I’ve been sitting here trying to write my 2012 resolutions.

I’ve been observing the people I follow on Twitter or Pinterest making pretty planners for all that will happen in 2012 and typing out spreadsheets with specific itineraries and checkpoints. Typically, I would be participating. I am an overachiever, and therefore tend to be ambitious with my New Year’s resolutions (all fifteen of them). I would be cataloging all the books I intend to read and creative or physical achievements I hope to accomplish, complete with color coded spreadsheets.

But this year, I’m not.

I’ve been staring at a blank Scrivener document for days. At least two days. I’ve written down things I hope to do, and then I have deleted them just as quickly. I have found myself unable to write anything after “My resolution this year is…”

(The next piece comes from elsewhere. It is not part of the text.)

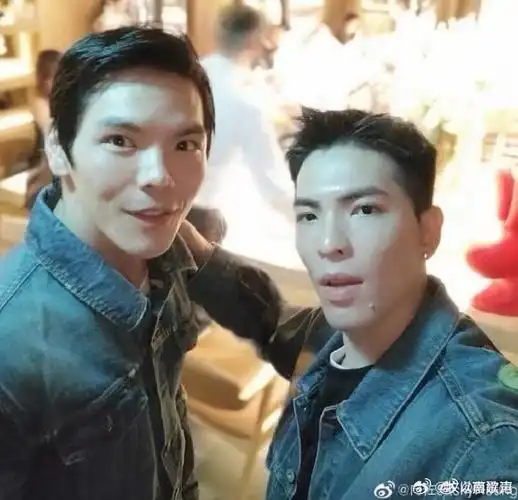 萧敬腾哭成了向佐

I turned off the computer, and reflected on 2011. I had some serious ups and downs. 2011 was the year I ran my first 5k, cut all my hair off, decided to move to South Korea, didn’t eat meat for 10 months, wrote a novel, learned how to use oil paints, sold my car, found out what “laid-off” means, simplified, got a tomato tattoo, met a bunch of bloggers on a solo trip to Chicago, and officially moved in with Jared.

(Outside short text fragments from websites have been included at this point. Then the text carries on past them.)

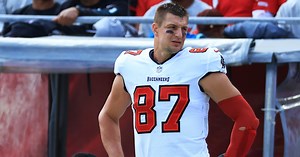 NFL insider responds to rumors of potential Rob Gronkowski return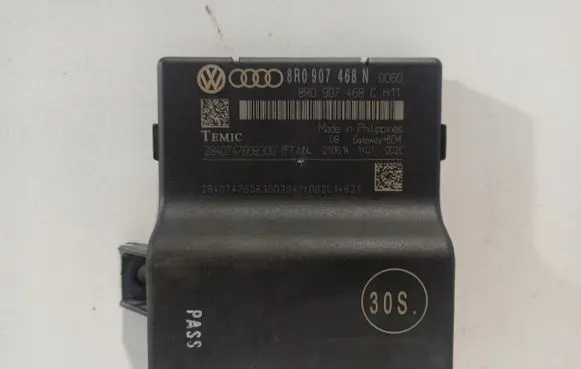 Audi A5 8T 8F Gateway control module 8R0907468N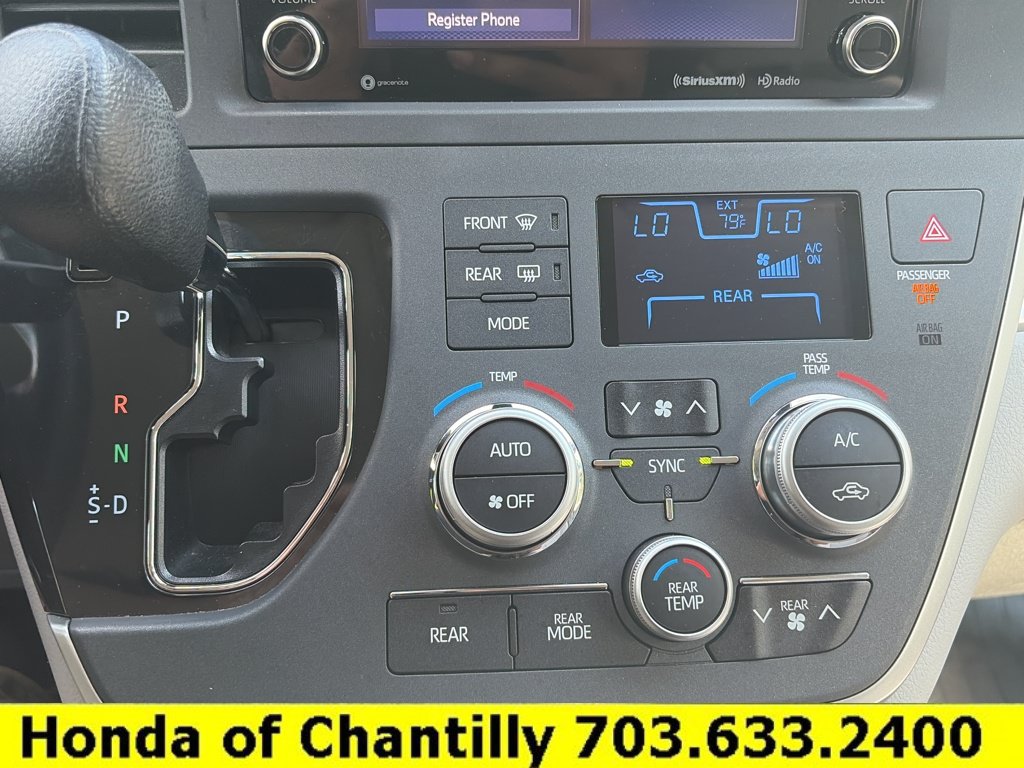 Used 2020 Toyota Sienna LE FWD image 16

None of these things were carefully planned, or outlined. I didn’t plan on losing my job, in fact, at the beginning of 2011 had you asked me about work I probably would have assumed I would be doing the same thing in 2012. But I am not, and I am so much happier.

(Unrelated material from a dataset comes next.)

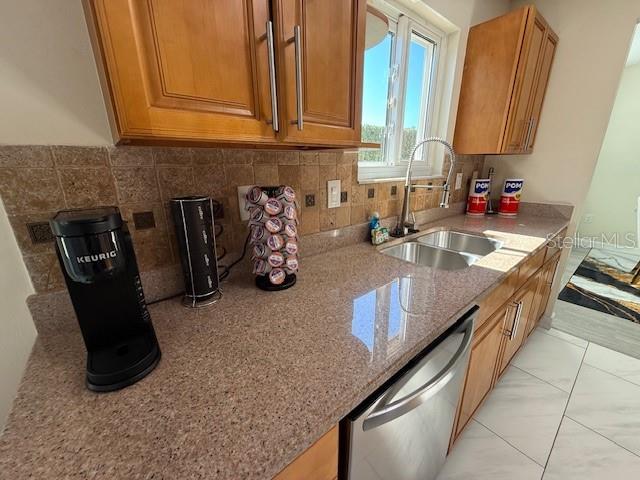 Image 10 of 26 For 520 Mcarthur Avenue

That’s when I realized: maybe this year my goal is to have no goals. Maybe I just need to let life happen and stop trying to plan. Maybe I need to finally take some time to focus on ME and making myself happy instead of trying to please everyone else.

The first day of 2012 has already been life-changing. I can feel new possibilities vibrating on the horizon. Of course, there are still things I want to do, and changes I want to make — and this doesn’t mean I won’t do them. It does mean, if it happens, it happens — no pressure, no stress, no spreadsheets.

So if we are going to toast the new year: Here’s to a year without resolutions or plans. Here’s to being undefined and imperfect. Here’s to less stress, relaxation, and doing what I want to for once. Here’s to you and me and happiness.

  • mouldyCat

    i like this. :)

  • http://todayimbobbi.blogspot.com bobbi

    Oh, I love this…so, so much. I have so many questions (how was south korea? can you be my no-meat life coach? cherry tomato or other?), but I think the no goals makes room for the really exciting stuff to happen. Congrats on what I’m sure will be an amazing year for you! :)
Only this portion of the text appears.